- Interactive map of Kudan
- Country: Nigeria
- State: Kaduna State
- Headquarter: Hunkuyi

Government
- • Type: Local
- • Executive Chairman: Dauda Iliya Abba

Area
- • Total: 345.4 km^{2} (133.4 sq mi)

Population (2006)
- • Total: 138,992
- • Density: 402.4/km^{2} (1,042/sq mi)
- Time zone: UTC+1 (WAT)

= Kudan, Nigeria =

Kudan is a town and Local Government Area in Kaduna State, Nigeria. Its headquarters are in the town of Hunkuyi. The Local Government Council is chaired by Honourable Dauda Iliya Abba.
There are 10 electoral wards in Kudan local government area.

It has an area of 345.4 km^{2} and a population of 138,992 at the 2006 census.
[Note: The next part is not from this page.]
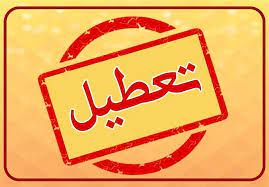  ساعت اداری خوزستان در روز چهارشنبه 20 تیر ماه 1403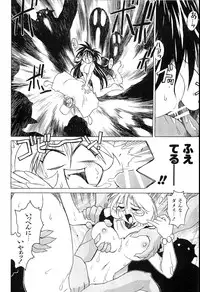 [Akihabara Chika Jakutoujou (Hamamura Toshikiri, Muramasa Mikado)] Pony Tale Fukkokuban [Digital]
The Local Government currently has a projected population of 205,300.

The postal code of the area is 812.

== Climate ==
In Kudan Local Government Area, The dry season is partly cloudy, the wet season is oppressive and mostly cloudy, and the weather is hot all year round. The average annual temperature fluctuates between 21 and 23 °C, seldom falling above 40 °C.

=== Geography ===
Kudan Local Government Area has an average temperature of 32 degrees Celsius or 89.6 degrees Fahrenheit with a total area of 400 square kilometres. The dry and wet seasons are the two distinct seasons that the LGA experiences. The Local Government Area's average wind speed is estimated to be 10 km/h or 6 mph.

== Economic activities ==
Economic activities include hunting, Farming, and blacksmithing. Trade is an essential feature of the economy with the area hosting a number of markets where wide variety of commodities are bought and sold.

Granite and kaolin are the two major mineral resources found in kudan local government.

== Administrative subdivisions ==
1. Doka Ward
2. Garu Ward
3. Hunkuyi Ward
4. Kauran Wali North Ward
5. Kauran Wali South Ward
6. Kudan Ward
7. Likoro Ward
8. Sabon Garin Hunkuyi Ward
9. Taban Sani Ward
10. Zabi Ward

== Notable people ==
1. Alhaji Idris Usman
2. Cigarin Zazzau Late Shehu Ladan
3. Prof. Muhammad Arsala, ABU Zaria
4. Prof. Mu'azu Sa'ad Muhammad, SLU Kafin Hausa, Jigawa State
5. Late Muhammad Ashiru Sarkin Kudan
6. Late Bello Yamusa Jarman Zazzau
7. Dauda Iliya Abba, Executive Chairman
8. Hon. Magaji Sadiq Hunkuyi, former Commissioner
9. Alh. Halliru Mahmud Tukuran Zazzau, District Head Kudan
10. Alhaji Aminu Muhammad Ashiru, Ciritawan Zazzan, District Head Hunkuyi
11. Suleiman Othman Hunkuyi, former Senator, NNPP Gubernatorial Candidate.
12. Isa Ashiru Kudan, former Member House of Representatives, two-time PDP Gubernatorial Candidate.
13. Alhaji Abbas Likoro, Businessman Chairman, Fasada Oil.

== Kingship ==
Kudan Local Government has two districts under the Zazzau Emirate:

1. Kudan District headed by Alhaji Halliru Mahmud Tukuran Zazzau
2. Hunkuyi District headed by Alhaji Aminu Muhammad Ashiru, Ciritawan Zazzau

There are 27 village heads under the two districts.

Moreover, there are other traditional leadership title from Zazzau Emirate currently held by some Kudan Local Government indigenes such as:

1. Sarkin Bai Zazzau, Alhaji Isa Muhammad Ashiru
2. Mayanan Arewan Zazzau Alhaji Sanusi Muhammad Ashiru
3. Wan'yan Zazzau Alhaji Mu'azu Yamusa
4. Shenagun Zazzau Alhaji Mu'azu Shehu Doka

== History ==
Kudan Local Government derived its name from Kudan town which is one of the major towns of the Local Government. The name of the town also derived from Kudandariya who is lead founding father of the town over 600 years ago. The Kadun local government was created in 1996 with headquarters located in hunkuyi, about 136 kilometres from Kaduna the state capital.